▶ **Task goal**
Write the records out exactly as they read, but not the pictures.

(Captioned web images)
[Start of Attachment]

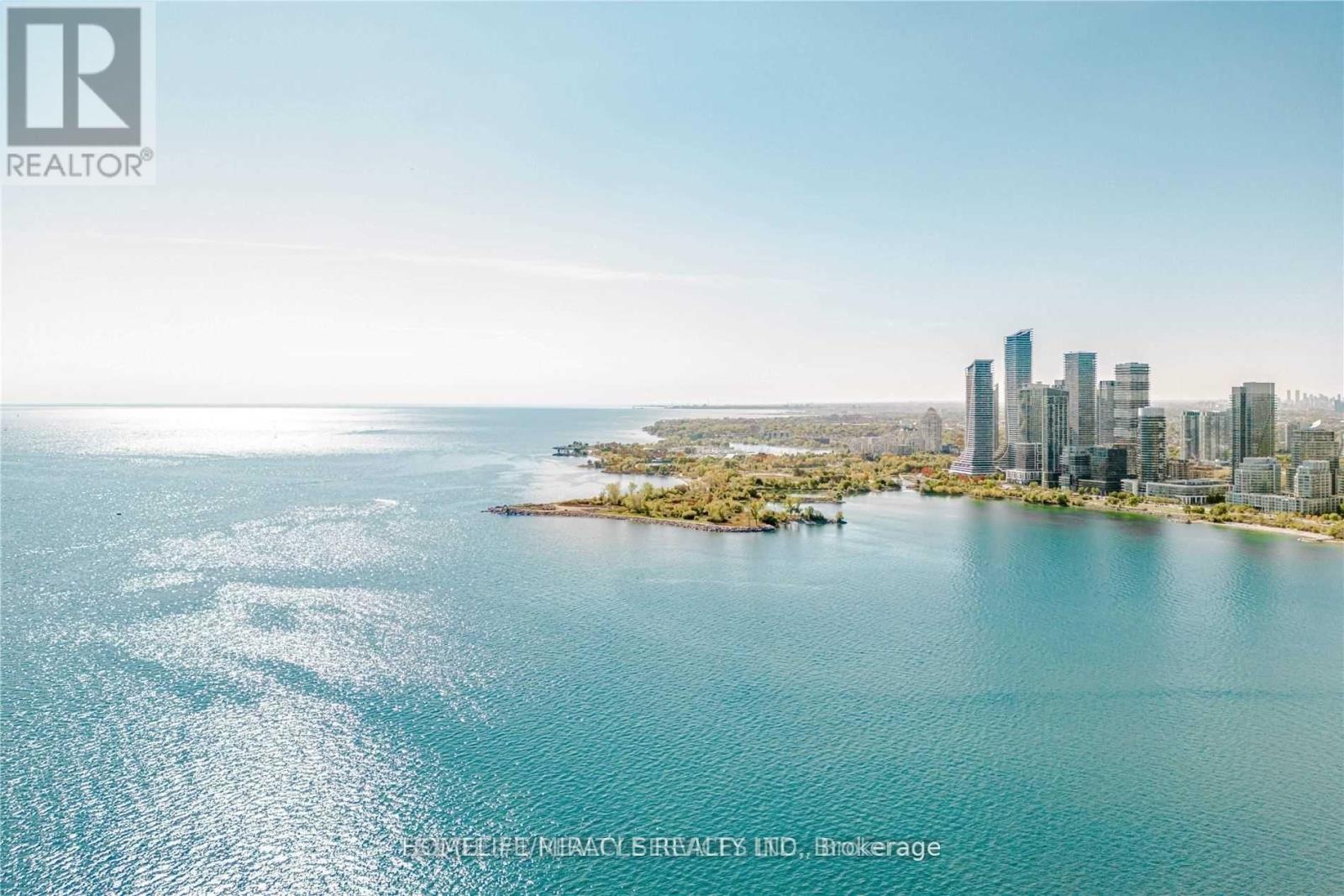 1928 Lakeshore Boulevard W, Toronto, Ontario  M6S 1A1 - Photo 35 - W13654568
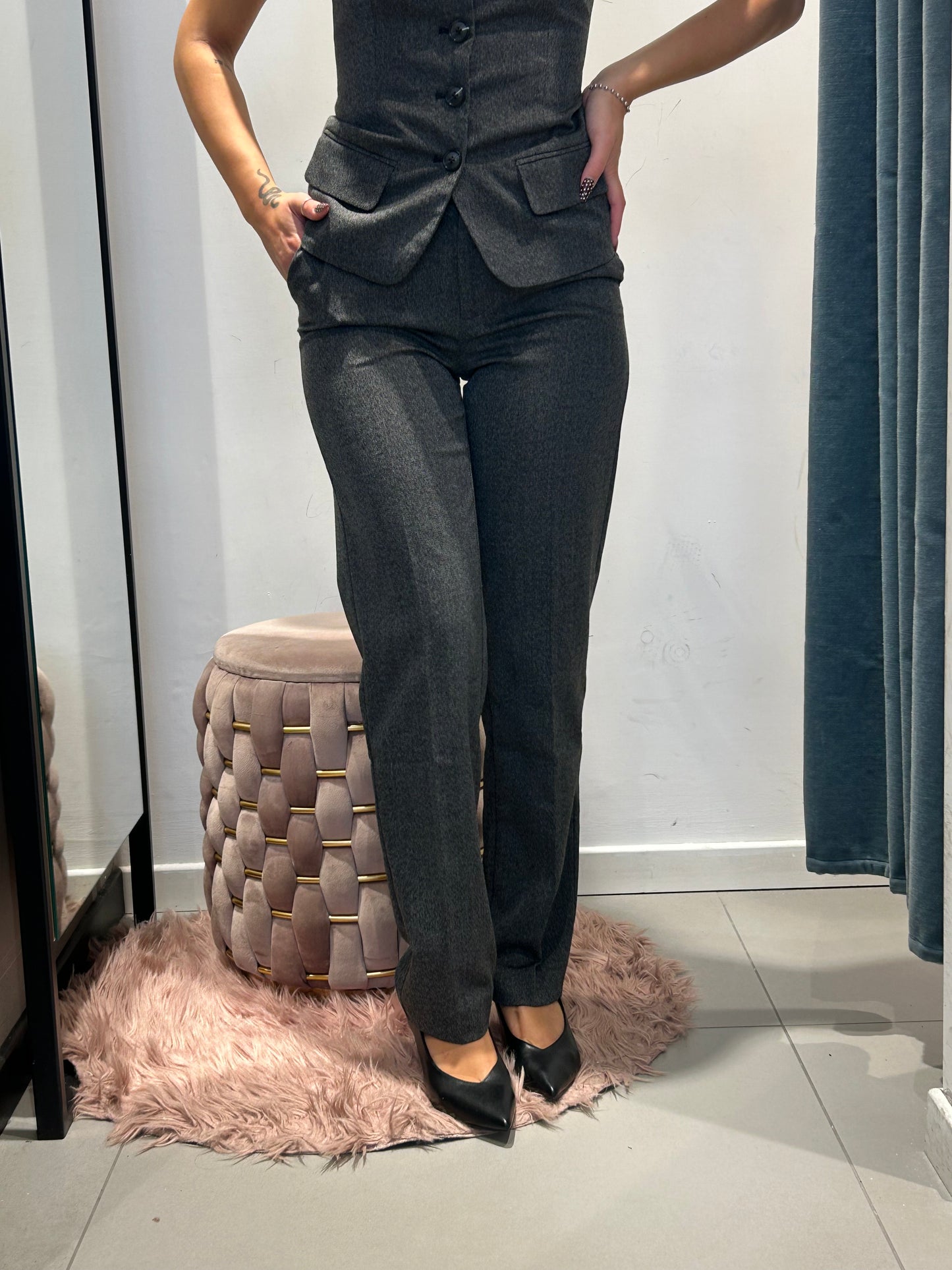 only pantalone sigaretta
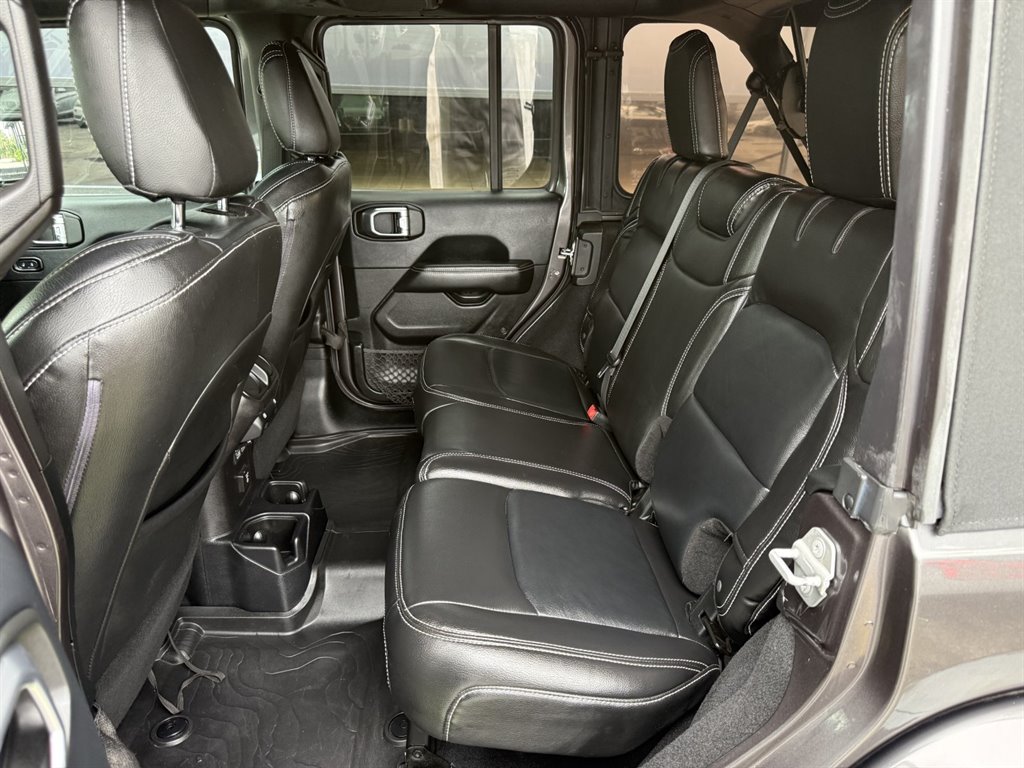2018 Jeep Wrangler - $23,995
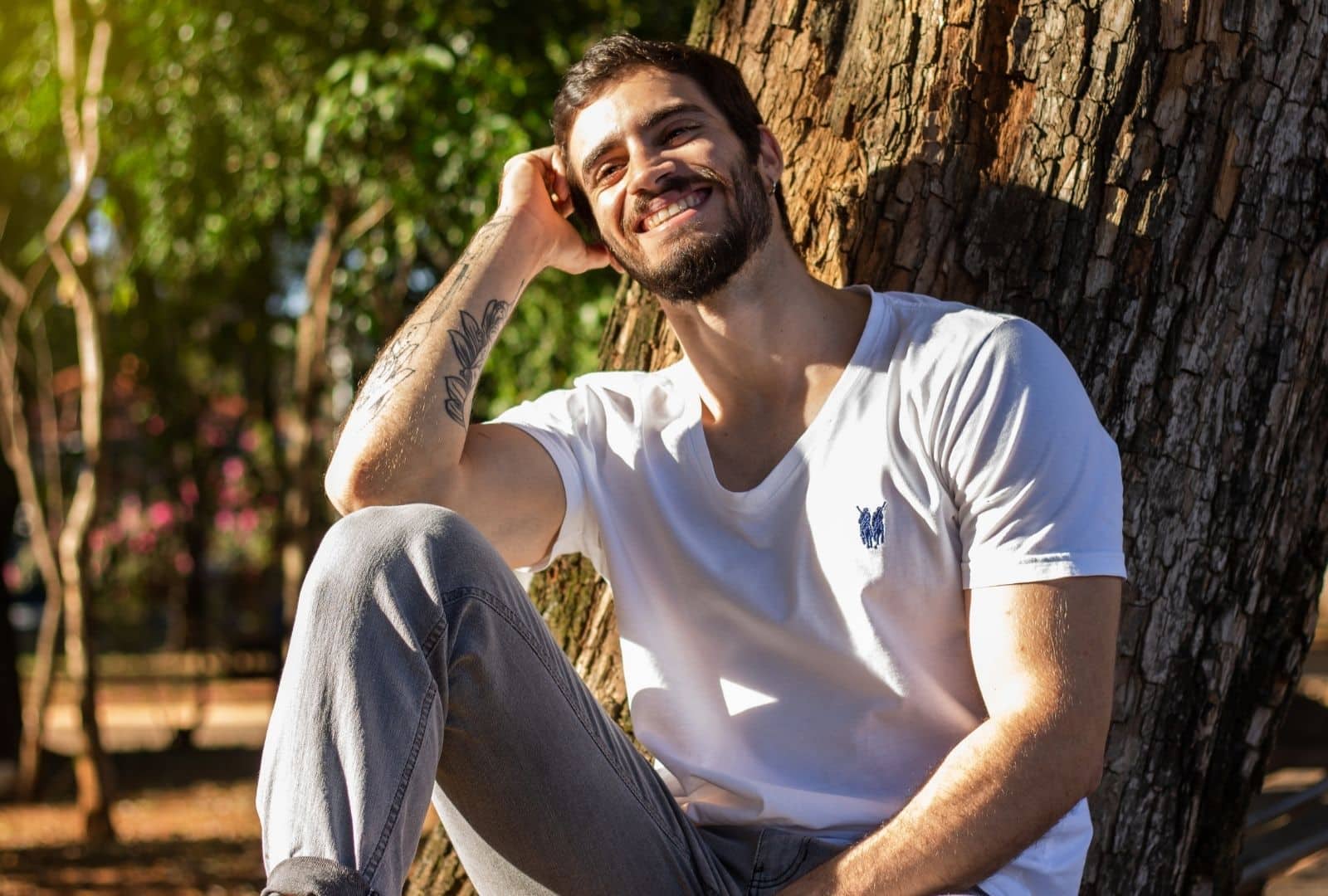 אדם צעיר עם נכות כללית עובד במשרד מואר, מסמל עצמאות ותמיכה כלכלית מהביטוח הלאומי.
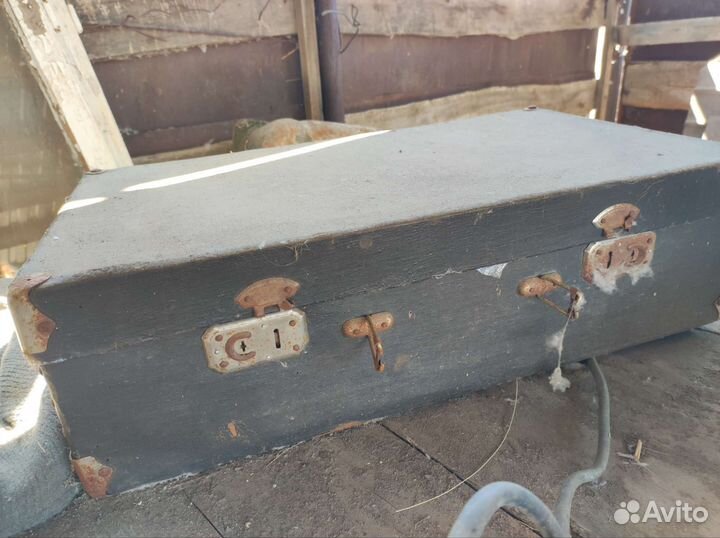 Чемодан старинный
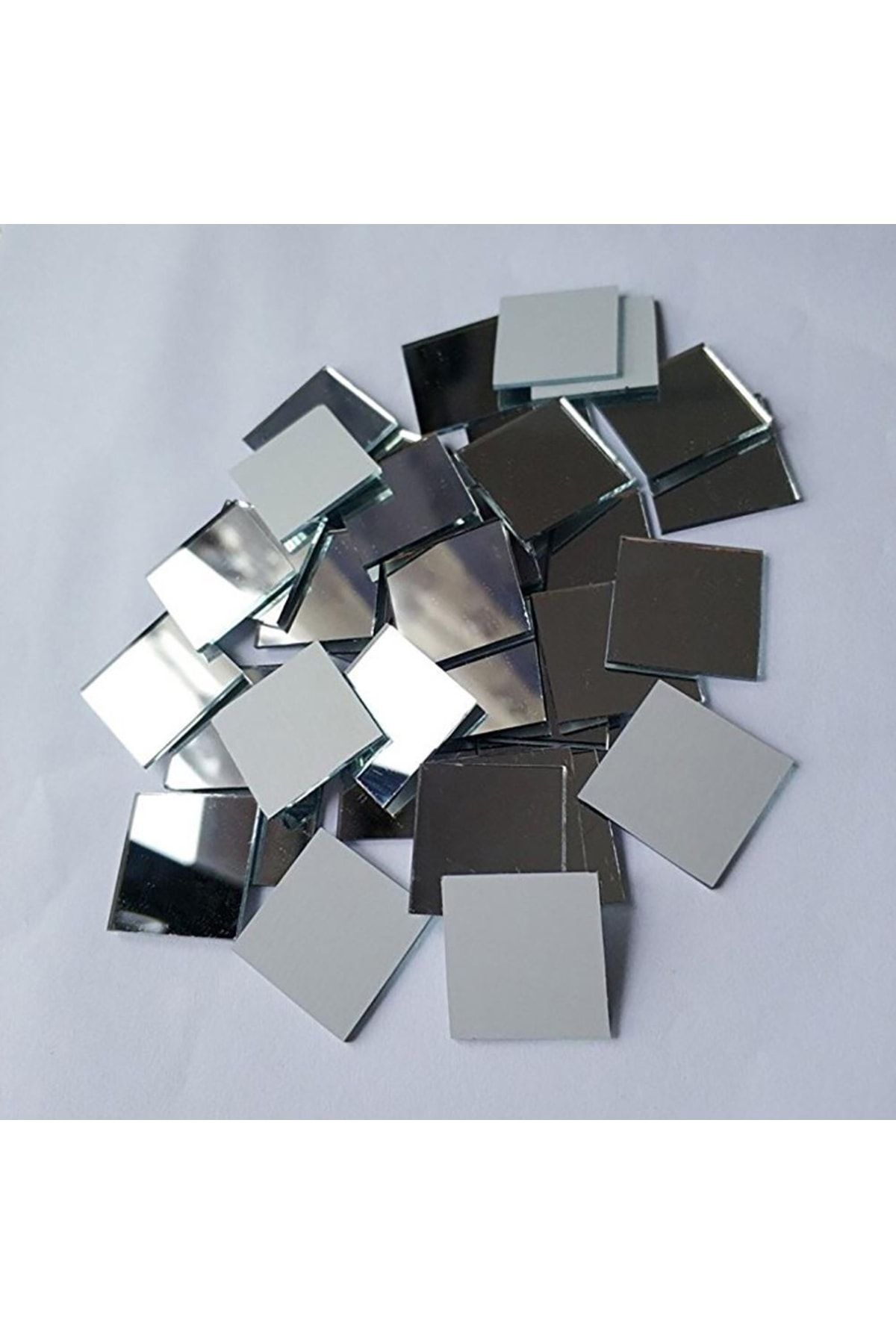 Dekoratif Kırık (4 Mm) Kalınlığında Kare Ayna 300 Adet 1cmx1cm Füme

[End of Attachment]

▶ **Solved problem**
 1928 Lakeshore Boulevard W, Toronto, Ontario  M6S 1A1 - Photo 35 - W13654568
 only pantalone sigaretta
2018 Jeep Wrangler - $23,995
 אדם צעיר עם נכות כללית עובד במשרד מואר, מסמל עצמאות ותמיכה כלכלית מהביטוח הלאומי.
 Чемодан старинный
 Dekoratif Kırık (4 Mm) Kalınlığında Kare Ayna 300 Adet 1cmx1cm Füme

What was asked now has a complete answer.